We will be picking up from ICA2. These exercises require the solutions from ICA2 and are included here.

import pandas as pd
from sympy import init_session
init_session(use_latex="mathjax")
%matplotlib inline

IPython console for SymPy 1.13.3 (Python 3.11.8-64-bit) (ground types: python)

These commands were executed:
>>> from sympy import *
>>> x, y, z, t = symbols('x y z t')
>>> k, m, n = symbols('k m n', integer=True)
>>> f, g, h = symbols('f g h', cls=Function)
>>> init_printing()

Documentation can be found at https://docs.sympy.org/1.13.3/

stellar model#

rho = symbols('rho', cls=Function)
rhoc = symbols('rho_c')
qc = symbols('q_c')
Pc = symbols('P_c')
G = symbols('G')
Mstar, Rstar = symbols('M_\star R_\star')
r = symbols('r')
xi = symbols('xi')
mu = symbols('mu')
k = symbols('k')
m_u = symbols('m_u')

Imagine a star has a density profile of the form:

\[\rho(r) = \rho_c \left [ 1 - \left (\frac{r}{R_\star} \right )^3 \right ]\]

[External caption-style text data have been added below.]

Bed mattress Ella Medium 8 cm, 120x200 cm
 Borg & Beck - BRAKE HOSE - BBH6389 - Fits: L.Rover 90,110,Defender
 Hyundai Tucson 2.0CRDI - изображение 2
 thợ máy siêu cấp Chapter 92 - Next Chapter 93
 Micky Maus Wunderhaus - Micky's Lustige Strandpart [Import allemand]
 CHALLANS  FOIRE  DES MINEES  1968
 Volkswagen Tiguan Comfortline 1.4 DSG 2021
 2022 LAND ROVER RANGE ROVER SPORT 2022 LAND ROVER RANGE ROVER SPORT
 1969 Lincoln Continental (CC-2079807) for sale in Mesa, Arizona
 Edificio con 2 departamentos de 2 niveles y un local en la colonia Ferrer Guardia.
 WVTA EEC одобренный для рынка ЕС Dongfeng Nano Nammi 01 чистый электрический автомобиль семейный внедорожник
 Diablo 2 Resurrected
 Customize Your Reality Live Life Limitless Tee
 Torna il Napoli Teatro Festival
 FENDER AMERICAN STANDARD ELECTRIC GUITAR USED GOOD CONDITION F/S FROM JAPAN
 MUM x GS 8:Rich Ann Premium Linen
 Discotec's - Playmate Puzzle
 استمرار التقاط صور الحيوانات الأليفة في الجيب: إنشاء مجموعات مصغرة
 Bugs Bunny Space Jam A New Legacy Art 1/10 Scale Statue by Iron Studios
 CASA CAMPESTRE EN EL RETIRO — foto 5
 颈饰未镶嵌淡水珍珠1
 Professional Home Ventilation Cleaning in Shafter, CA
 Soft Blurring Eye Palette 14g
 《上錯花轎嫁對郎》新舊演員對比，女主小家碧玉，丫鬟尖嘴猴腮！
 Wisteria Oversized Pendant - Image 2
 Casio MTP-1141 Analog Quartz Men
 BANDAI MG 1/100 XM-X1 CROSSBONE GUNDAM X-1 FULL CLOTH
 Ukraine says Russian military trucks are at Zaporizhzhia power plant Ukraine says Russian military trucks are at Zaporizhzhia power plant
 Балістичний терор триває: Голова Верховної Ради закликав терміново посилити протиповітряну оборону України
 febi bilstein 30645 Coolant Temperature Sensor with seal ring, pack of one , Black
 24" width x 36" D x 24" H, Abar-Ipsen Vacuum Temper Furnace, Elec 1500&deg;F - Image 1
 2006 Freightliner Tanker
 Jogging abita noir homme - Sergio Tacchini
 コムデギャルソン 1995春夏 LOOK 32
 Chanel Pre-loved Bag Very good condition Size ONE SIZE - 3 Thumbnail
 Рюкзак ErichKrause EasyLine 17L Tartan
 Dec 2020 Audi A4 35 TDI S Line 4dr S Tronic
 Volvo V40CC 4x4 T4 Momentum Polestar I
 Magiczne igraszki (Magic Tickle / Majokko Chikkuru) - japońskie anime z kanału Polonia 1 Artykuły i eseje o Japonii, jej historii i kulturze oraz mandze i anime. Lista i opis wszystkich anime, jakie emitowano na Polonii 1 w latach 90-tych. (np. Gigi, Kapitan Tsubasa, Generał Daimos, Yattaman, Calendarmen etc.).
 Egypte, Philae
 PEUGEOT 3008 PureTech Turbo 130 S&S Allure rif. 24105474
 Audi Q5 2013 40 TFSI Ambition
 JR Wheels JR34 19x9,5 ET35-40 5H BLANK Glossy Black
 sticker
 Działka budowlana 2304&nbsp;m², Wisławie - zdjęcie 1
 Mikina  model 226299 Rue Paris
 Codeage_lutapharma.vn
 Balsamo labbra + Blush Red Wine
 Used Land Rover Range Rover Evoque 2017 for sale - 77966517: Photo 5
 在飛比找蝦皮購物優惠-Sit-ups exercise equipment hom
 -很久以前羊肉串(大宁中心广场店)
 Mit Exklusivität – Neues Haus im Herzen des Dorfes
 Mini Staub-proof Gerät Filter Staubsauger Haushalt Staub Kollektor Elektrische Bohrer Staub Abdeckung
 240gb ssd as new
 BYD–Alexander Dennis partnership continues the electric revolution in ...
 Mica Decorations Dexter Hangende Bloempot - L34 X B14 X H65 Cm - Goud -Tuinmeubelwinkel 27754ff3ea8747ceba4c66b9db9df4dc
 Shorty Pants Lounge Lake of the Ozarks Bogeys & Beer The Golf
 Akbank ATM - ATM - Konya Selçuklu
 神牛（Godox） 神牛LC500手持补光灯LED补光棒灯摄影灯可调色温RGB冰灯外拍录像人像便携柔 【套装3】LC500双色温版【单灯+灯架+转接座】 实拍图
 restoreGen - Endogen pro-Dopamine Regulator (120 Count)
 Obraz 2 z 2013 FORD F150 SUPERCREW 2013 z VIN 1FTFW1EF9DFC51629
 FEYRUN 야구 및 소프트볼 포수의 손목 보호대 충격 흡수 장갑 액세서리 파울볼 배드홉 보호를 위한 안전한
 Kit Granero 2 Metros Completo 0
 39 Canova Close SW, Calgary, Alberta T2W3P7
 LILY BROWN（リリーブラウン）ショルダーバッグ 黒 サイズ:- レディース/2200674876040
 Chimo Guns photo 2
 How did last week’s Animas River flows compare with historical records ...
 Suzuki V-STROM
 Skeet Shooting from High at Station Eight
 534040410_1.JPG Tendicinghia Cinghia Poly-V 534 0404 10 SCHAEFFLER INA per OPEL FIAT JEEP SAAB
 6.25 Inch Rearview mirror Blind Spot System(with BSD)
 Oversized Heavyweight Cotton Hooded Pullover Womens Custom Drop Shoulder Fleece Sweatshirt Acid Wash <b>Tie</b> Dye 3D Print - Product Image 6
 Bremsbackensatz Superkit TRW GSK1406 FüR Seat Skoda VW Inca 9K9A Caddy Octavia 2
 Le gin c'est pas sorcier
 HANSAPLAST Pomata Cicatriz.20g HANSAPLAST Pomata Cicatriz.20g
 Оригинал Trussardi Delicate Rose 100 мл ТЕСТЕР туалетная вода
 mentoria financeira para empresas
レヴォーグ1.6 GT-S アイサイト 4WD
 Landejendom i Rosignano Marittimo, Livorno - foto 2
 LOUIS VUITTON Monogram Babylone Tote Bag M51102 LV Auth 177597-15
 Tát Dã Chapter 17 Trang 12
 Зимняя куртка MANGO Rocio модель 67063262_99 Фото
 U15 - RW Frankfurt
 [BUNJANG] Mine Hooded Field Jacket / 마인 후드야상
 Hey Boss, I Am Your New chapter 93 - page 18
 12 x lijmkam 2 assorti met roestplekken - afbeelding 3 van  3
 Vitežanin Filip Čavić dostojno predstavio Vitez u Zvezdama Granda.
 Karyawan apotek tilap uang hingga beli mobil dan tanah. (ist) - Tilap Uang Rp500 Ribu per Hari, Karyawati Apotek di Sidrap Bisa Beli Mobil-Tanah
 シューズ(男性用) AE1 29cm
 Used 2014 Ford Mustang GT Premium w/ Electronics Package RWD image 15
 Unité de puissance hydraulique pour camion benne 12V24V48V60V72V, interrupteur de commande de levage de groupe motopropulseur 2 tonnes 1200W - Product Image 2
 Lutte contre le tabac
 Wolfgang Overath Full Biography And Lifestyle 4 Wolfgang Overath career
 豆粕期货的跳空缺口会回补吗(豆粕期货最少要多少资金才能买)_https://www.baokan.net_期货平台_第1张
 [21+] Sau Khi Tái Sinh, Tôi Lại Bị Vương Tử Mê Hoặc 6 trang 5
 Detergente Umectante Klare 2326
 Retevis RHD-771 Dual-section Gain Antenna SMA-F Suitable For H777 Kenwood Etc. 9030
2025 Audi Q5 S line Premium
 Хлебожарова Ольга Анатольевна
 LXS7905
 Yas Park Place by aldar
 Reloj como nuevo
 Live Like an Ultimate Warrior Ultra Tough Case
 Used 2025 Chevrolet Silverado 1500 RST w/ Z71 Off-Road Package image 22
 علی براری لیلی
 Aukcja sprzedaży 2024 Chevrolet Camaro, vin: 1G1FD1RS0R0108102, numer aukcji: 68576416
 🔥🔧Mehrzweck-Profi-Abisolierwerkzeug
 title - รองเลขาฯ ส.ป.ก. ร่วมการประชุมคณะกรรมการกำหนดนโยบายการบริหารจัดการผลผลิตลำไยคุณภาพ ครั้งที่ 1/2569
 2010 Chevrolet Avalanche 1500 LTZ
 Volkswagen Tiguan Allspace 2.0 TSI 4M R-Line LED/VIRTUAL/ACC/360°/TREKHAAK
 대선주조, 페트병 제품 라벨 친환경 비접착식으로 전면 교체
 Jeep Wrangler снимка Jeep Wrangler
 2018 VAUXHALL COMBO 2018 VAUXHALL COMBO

where \(\rho_c\) is the central density.

rho = rhoc * (1 - (r/Rstar)**3)
rho

\[\displaystyle \rho_{c} \left(1 - \frac{r^{3}}{R_{\star}^{3}}\right)\]

We found expression for the central density in terms of \(R_\star\) and \(M_\star\).

M = integrate(4*pi*r**2*rho, (r, 0, Rstar))
M

\[\displaystyle \frac{2 \pi R_{\star}^{3} \rho_{c}}{3}\]

rhoc_value = solve(Eq(M, Mstar), rhoc)[0]
rhoc_value

\[\displaystyle \frac{3 M_{\star}}{2 \pi R_{\star}^{3}}\]

# replace our original rho(r) equation with our computed value of rhoc
rho = rho.subs(rhoc, rhoc_value)
rho

\[\displaystyle \frac{3 M_{\star} \left(1 - \frac{r^{3}}{R_{\star}^{3}}\right)}{2 \pi R_{\star}^{3}}\]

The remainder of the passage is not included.